Duncan's blog

October 22, 2014

Project Euler: problem 35 (PHP) – Circular primes

Filed under: PHP,Project Euler — duncan @ 8:00 am

Punch meI ignored this Project Euler puzzle first time round I tried doing them, 5-6 years ago, with ColdFusion and Python.  Looking at it again recently I thought I could tackle it with PHP.  I’m doing these  as a simple practical exercise for teaching myself PHP, and I’d appreciate any feedback on my code.

Problem 35:

The number, 197, is called a circular prime because all rotations of the digits: 197, 971, and 719, are themselves prime.

There are thirteen such primes below 100: 2, 3, 5, 7, 11, 13, 17, 31, 37, 71, 73, 79, and 97.

How many circular primes are there below one million?

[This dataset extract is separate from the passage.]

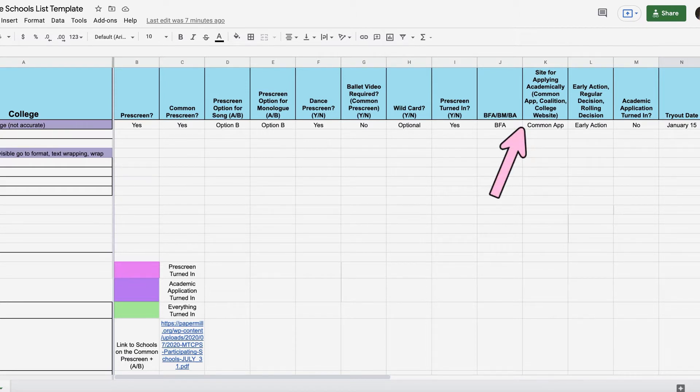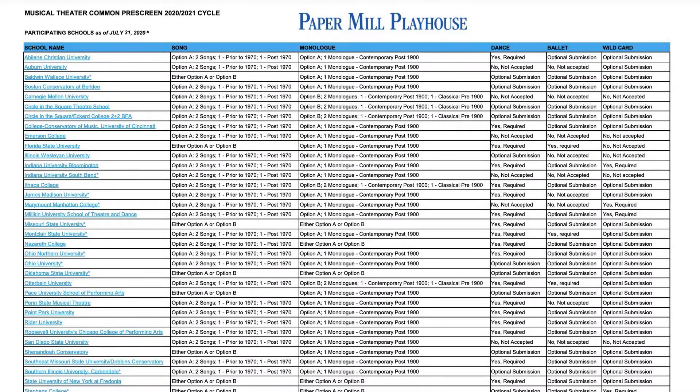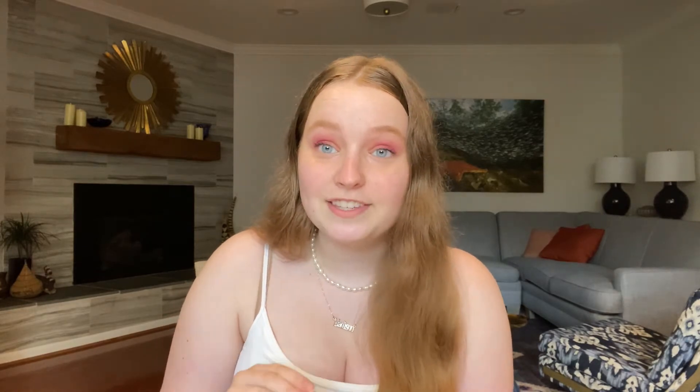You can also keep track of where you need to apply academically — there's Coalition, there's Common App, and sometimes you apply straight on the school's website. Here you can track if you've submitted your academic application. Also included is a place to note if a school is on the Common Pre-Screen. There are two options, A and B, for different material requirements for your pre-screens, and there's a link on the document to see which schools are A and which are B.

It took me a little while to get close to the answer, and I know this code isn’t the most efficient, but it works:

<?php
require 'isPrime.php';

$primes = [2 => 1];
$limit = 1000000;
$circulars = 1;
$arrCirculars = array('2' => true);

function getExcludedDigits($value) {
	return $value % 2 == 0 && $value != 5;
}

for ($i = 3; $i < $limit; $i+=2) {
	$isCircular = false;
	$rotatedDigits = str_split($i);
	
	if (count(array_filter($rotatedDigits, 'getExcludedDigits')) == 0) {
		for ($j = 1; $j <= strlen($i); $j++) {
			array_push($rotatedDigits, array_shift($rotatedDigits));
			$rotatedNumber = implode($rotatedDigits);

			// if this number's already in our primes[], move onto the next iteration
			if (array_key_exists($rotatedNumber, $primes)) {
				continue;
			}
			
			if (!isPrime($rotatedNumber)) {
				$isCircular = false;
				break;
			}
			
			$isCircular = true;
			$primes[$rotatedNumber] = true;
		}
		
		if ($isCircular) {
			if (substr_count($rotatedNumber, substr($rotatedNumber, 0, 1)) == strlen($rotatedNumber)) {
				$circulars++;
			} else {
				$circulars += strlen($rotatedNumber);
			}
			$arrCirculars[$i] = true;	
		}
	}
}

echo $circulars;

Re-using my isPrime function from puzzle 3.

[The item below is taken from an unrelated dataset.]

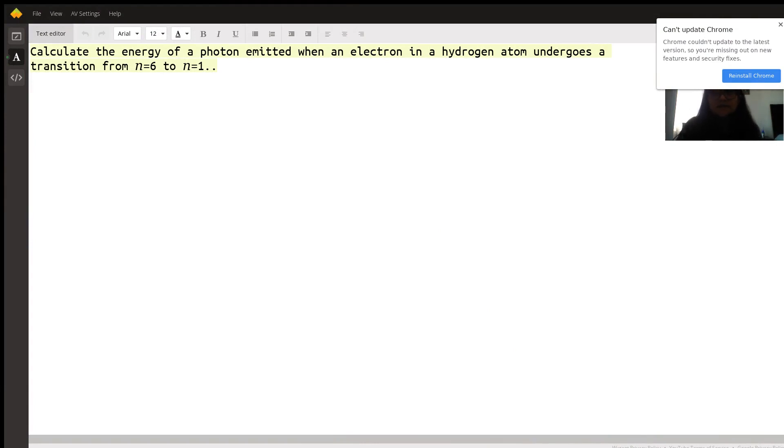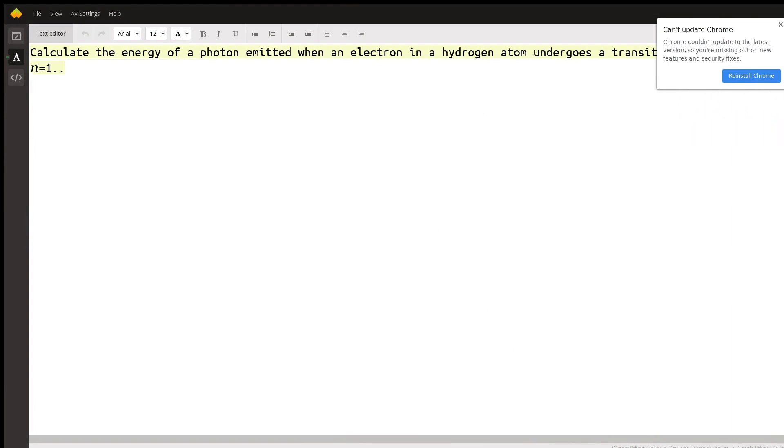Hi, my name is Shivani. I'm a new Wyzant tutor here and I am here to help with a chemistry problem involving energy emitted for electron transitions in a hydrogen atom. So the question is asking to calculate the energy of a photon emitted when an electron in a hydrogen atom undergoes transition from n equals 6 to n equals 1.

One thing you’ll quickly realise is that we don’t have to calculate if every number is prime.  For instance early on in the loop you get 1951, which is a prime number.  Shifting the first number off there and sticking it on the end, you get 9511, which is also prime.  And doing it again, you get 5119, which is prime too.  However on its fourth iteration you have 1195, which is divisible by 5 and therefore not prime.  However rather than calculate if any of those four rotations of those digits would be prime, you can save time by excluding it as soon as you see there’s a 5 in there.  Similarly with numbers containing any even digits.

During the loop, I store every prime number to an array.  If it’s already in the array, then I know I don’t need to do it again.

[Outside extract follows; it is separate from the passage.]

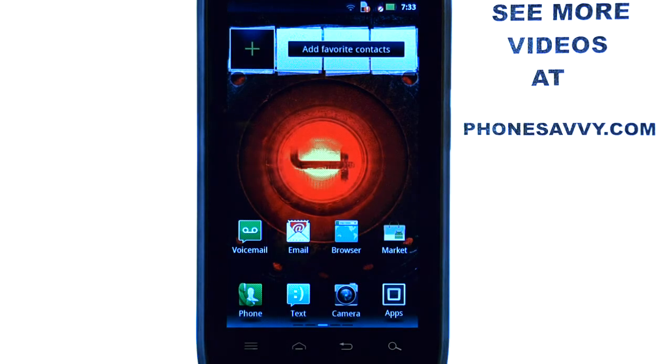Now your phone will stop asking you to send a text message to the people that you ignore. Visit our website to learn more about the Motorola Droid 4.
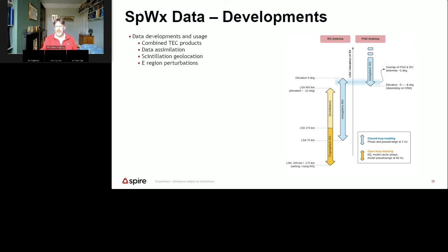That's a whistle-stop tour of the data we're providing from the system at the moment. So let's take a look at where we might head in the future. I've got four different areas we're going to talk about: combined TEC products, data assimilation, scintillation geolocation, and a little bit about E-region perturbation. These are all things that we are doing internally. Some will become data products that are available outside, and some of these things are also things that other researchers are pursuing externally using input data that we can provide.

At the end of the inner for loop, I increment my counter by the length of the number I’ve currently been looking at.  e.g. if I was on 197, which is prime, and its rotations 971 and 719 are also prime, I simply increment by 3.  I make a special exception for numbers like 11 where all the digits are the same, to make sure I don’t double-count it.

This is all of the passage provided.